>>>

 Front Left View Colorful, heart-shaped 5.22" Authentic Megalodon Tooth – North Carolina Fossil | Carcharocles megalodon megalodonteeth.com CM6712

<<<
>>>

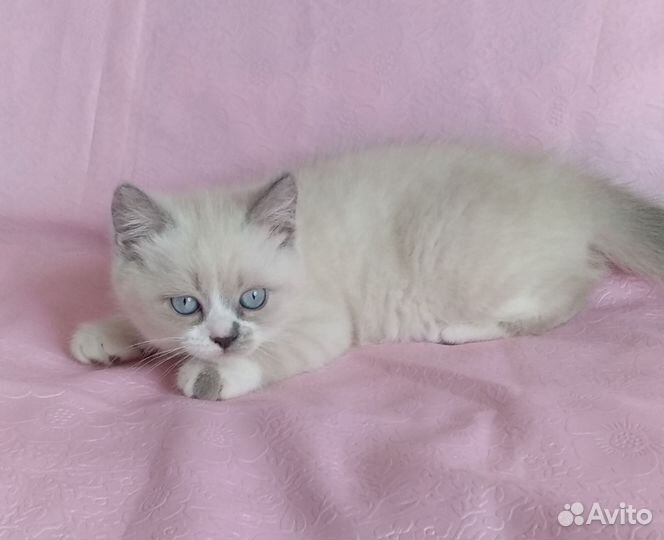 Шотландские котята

<<<
>>>

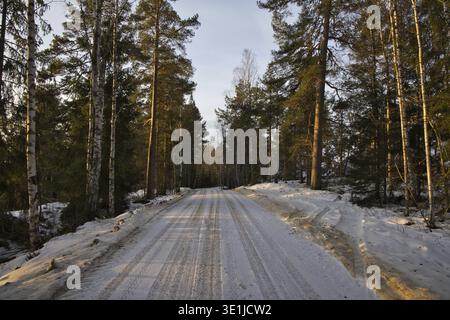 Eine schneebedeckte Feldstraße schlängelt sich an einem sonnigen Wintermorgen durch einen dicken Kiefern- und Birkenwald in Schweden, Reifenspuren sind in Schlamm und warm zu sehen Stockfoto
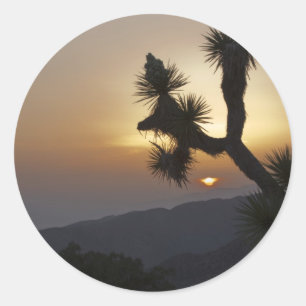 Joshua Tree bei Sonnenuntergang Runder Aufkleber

<<<

*Problem statement:* Exactly the lines starting at the one above with "Eine schneebedeckte Feldstraße" and ending at the one with "Joshua Tree bei" should be printed, and nothing else. Omit the pictures.

*Answer to the problem:*
 Eine schneebedeckte Feldstraße schlängelt sich an einem sonnigen Wintermorgen durch einen dicken Kiefern- und Birkenwald in Schweden, Reifenspuren sind in Schlamm und warm zu sehen Stockfoto
 Joshua Tree bei Sonnenuntergang Runder Aufkleber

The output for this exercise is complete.